» Data block

-----

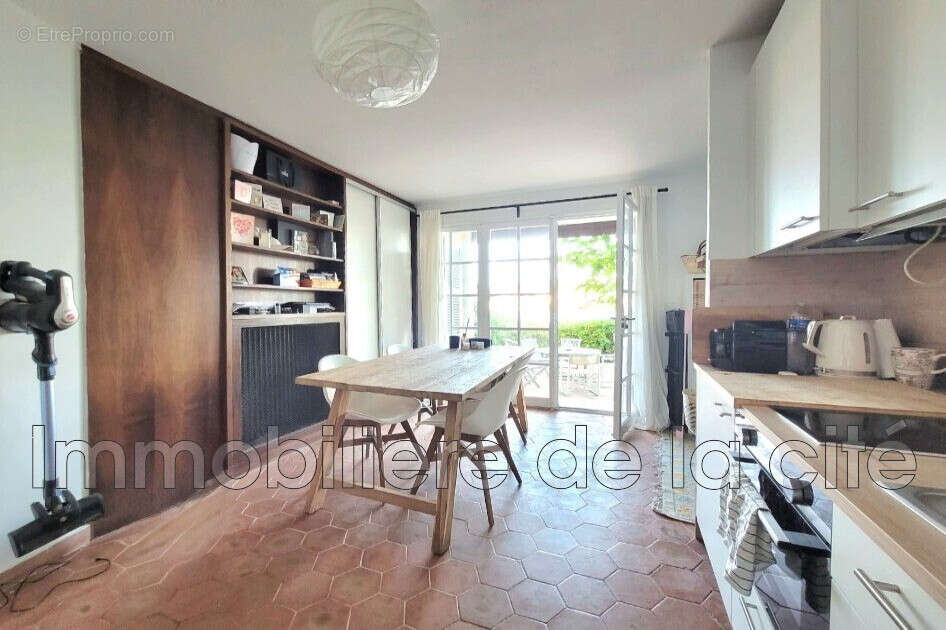Appartement à GRIMAUD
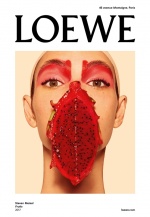 LOEWE 2018春夏女裝系列廣告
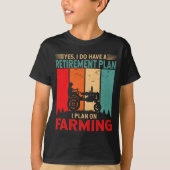 Retirement Plan I Plan On Farming Funny Farmer  Tシャツ (正面)
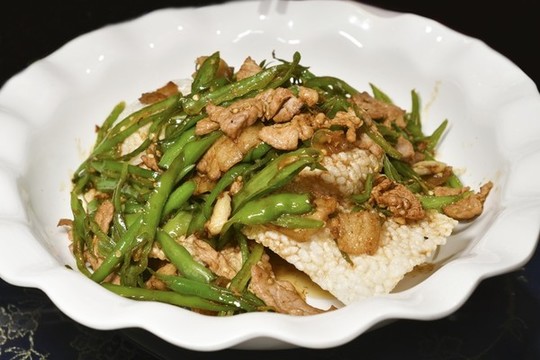 鍋巴蓋肉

-----

» About this exercise
An exact copy of the data above is required, printed without its pictures.

» Solved problem
Appartement à GRIMAUD
 LOEWE 2018春夏女裝系列廣告
 Retirement Plan I Plan On Farming Funny Farmer  Tシャツ (正面)
 鍋巴蓋肉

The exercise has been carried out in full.